Since they haven’t talked, Gin has to assume that Shirase hates her and has never forgiven her for not coming back with her mom. As the girls (sans Shirase) ambush Gin about her love life (with Kanae’s help), they don’t come up with much, but we also get little flashbacks to mundane yet meaningful little moments between Gin and Shirase.
When Shirase’s mom says such encounters were very much planned, it confirms that she always intended for Gin to be on good terms with Shirase if anything ever happened to her, which it did. Even back then, the two eventually break the ice over their mutual love of penguins and jumping rope (at which Shirase is presently very adept).
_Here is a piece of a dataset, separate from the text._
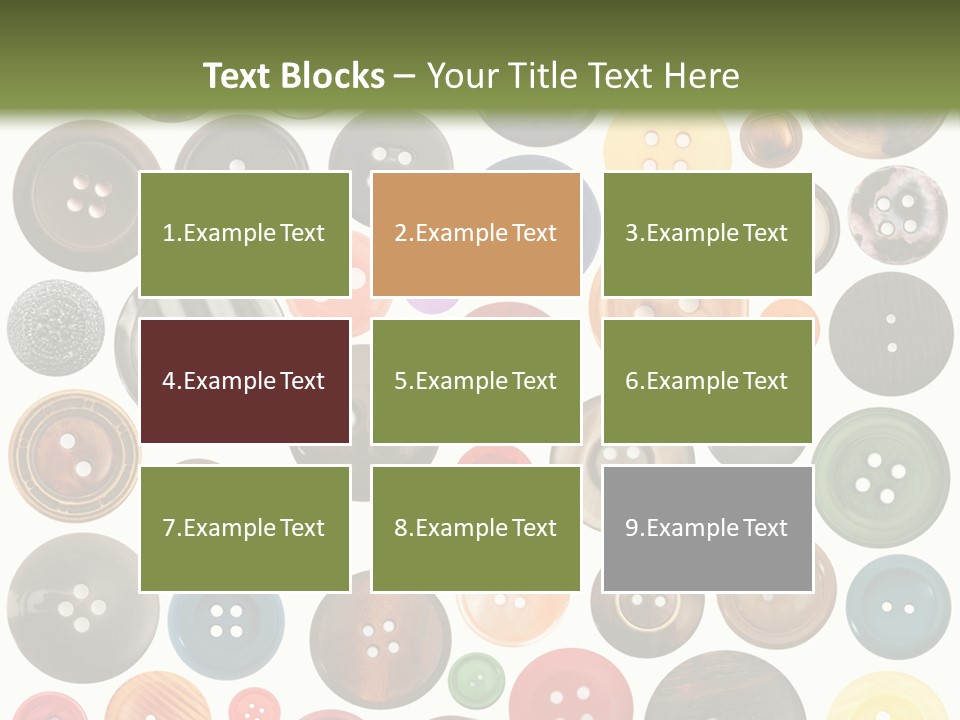 Texture Clothing Nature PowerPoint Template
It’s another simultaneous penguin spotting that draws the two together on the deck, and Gin simply comes out and asks Shirase what’s up. Shirase says all the mature things—she doesn’t hate Gin; her mom often stated the dangers of her job; Gin is not to blame—but when Gin asks if that’s how she really feels, Shirase breaks down.
The truth is, Shirase doesn’t know how she really feels, which is why she didn’t want to discuss it. She spent a long time after her mother’s death waiting for her to come home, until she decided the only way forward was to go where she went, “to the place further than the universe,” to grasp what the hell it was her mom was prepared to die—and did die—to brave.
It’s another marvelous, moving monologue from Hanazawa Kana, rudely interrupted by the icebreaker slamming into a sheet of “fast ice”, which was expected by the crew. We watch as the ship repeatedly backs up and rams the ice until it breaks up, which is what icebreakers do.
The procedure underscores just how uninviting Antarctica is—it won’t let you even get close without a fight—while also serving as a handy metaphor for hard the crew of the Penguin Manju, and Japan itself, has had and has to work to get to where they want to be.
As the ship crunches a path in the ice, Gin regails Shirase about how the rest of the world basically gave postwar Japan the most challenging slice of Antarctica and said “if you want to try, go right ahead.” They did go ahead, and they did try, and were successful, just as the crew of the Penguin Manju does, and just as the four girls do when they touch down on ice for a brief spell.
Shirase tears up upon standing there, and goes into a rant encapsulated by the phrase “in your face!” referring to everyone who mocked her for saying she was going to Antarctica. Not only do the other girls join her in a hearty “in your face”; Gin and the entire crew do so as well. No doubt Shirase’s mom would be proud of them both.